_EXERCISE BRIEF:_ Without changing a word, return the listing below, minus its images.

_EXERCISE DATA:_
▬▬▬

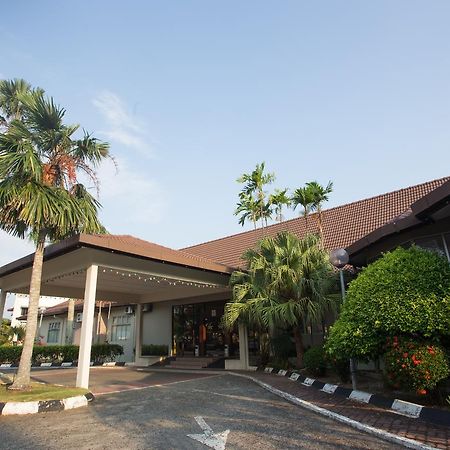Hotel Seri Malaysia Rompin Куала Ромпин Екстериор снимка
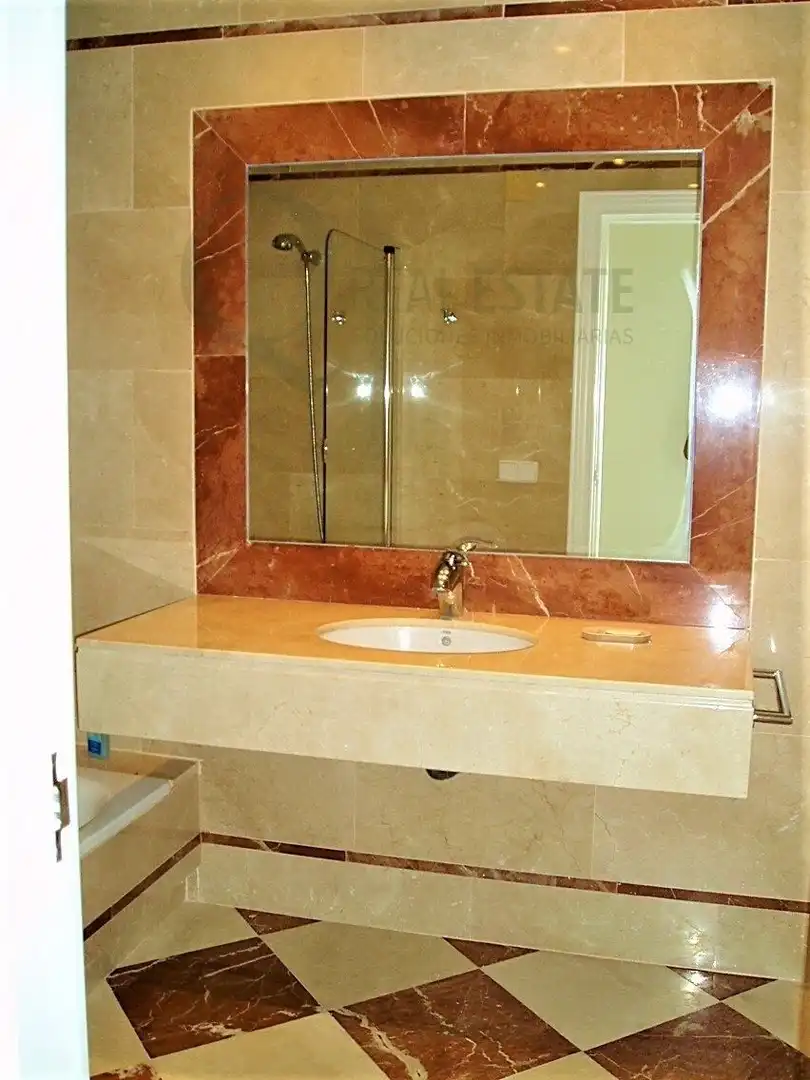 Chalet con terraza en alquiler en Playa de San Juan - El Cabo de las Huertas, imagen 30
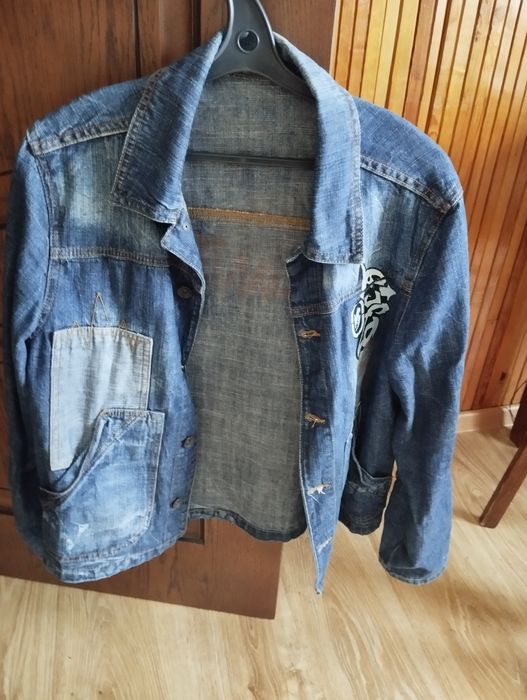 Продам джинсовую куртку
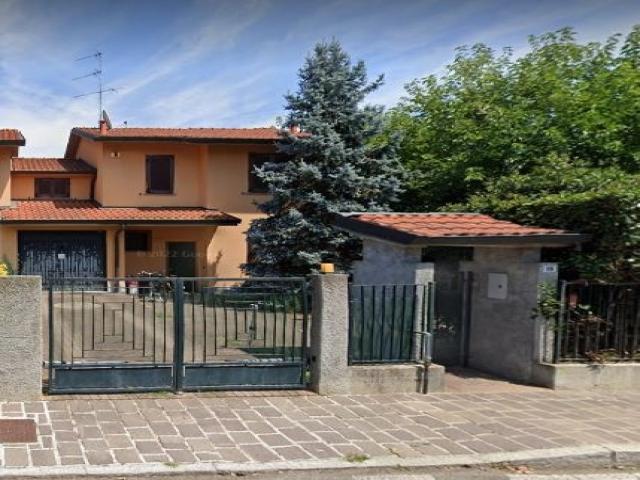 Case - Villetta a schiera - via don egidio manera 19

▬▬▬

_SOLUTION FOR THIS EXERCISE:_
Hotel Seri Malaysia Rompin Куала Ромпин Екстериор снимка
 Chalet con terraza en alquiler en Playa de San Juan - El Cabo de las Huertas, imagen 30
 Продам джинсовую куртку
 Case - Villetta a schiera - via don egidio manera 19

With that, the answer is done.